Summary: Skin and liver cells appear to have their own circadian clock. Both the liver and skin respond to changes in light and maintain critical function, independent of the brain’s circadian rhythm.
Source: UC Irvine
Can your liver sense when you’re staring at a television screen or cellphone late at night? Apparently so, and when such activity is detected, the organ can throw your circadian rhythms out of whack, leaving you more susceptible to health problems.
That’s one of the takeaways from two new studies by University of California, Irvine scientists working in collaboration with the Institute for Research in Biomedicine in Barcelona, Spain.
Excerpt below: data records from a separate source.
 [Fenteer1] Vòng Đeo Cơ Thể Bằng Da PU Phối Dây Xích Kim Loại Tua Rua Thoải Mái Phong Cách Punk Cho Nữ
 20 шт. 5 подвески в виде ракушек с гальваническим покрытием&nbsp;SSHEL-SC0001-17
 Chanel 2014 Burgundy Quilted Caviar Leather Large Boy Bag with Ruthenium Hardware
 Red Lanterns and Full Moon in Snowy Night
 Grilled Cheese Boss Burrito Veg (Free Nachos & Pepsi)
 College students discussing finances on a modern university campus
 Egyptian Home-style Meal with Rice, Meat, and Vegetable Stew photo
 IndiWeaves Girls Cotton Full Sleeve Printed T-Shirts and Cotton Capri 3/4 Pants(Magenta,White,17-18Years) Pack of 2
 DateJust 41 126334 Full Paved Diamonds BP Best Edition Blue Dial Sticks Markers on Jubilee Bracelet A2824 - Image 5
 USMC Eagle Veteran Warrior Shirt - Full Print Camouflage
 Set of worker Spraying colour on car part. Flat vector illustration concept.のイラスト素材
The studies, published today in the journal Cell, used specially bred mice to analyze the network of internal clocks that regulate metabolism. Although researchers had suspected that the body’s various circadian clocks could operate independently from the central clock in the hypothalamus of the brain, there was previously no way to test the theory, said Paolo Sassone-Corsi, director of UCI’s Center for Epigenetics and Metabolism and senior author of one of the studies.
To overcome that obstacle, scientists figured out how to disable the entire circadian system of the mice, then jump-start individual clocks. For the experiments reported in the Cell papers, they activated clocks inside the liver or skin.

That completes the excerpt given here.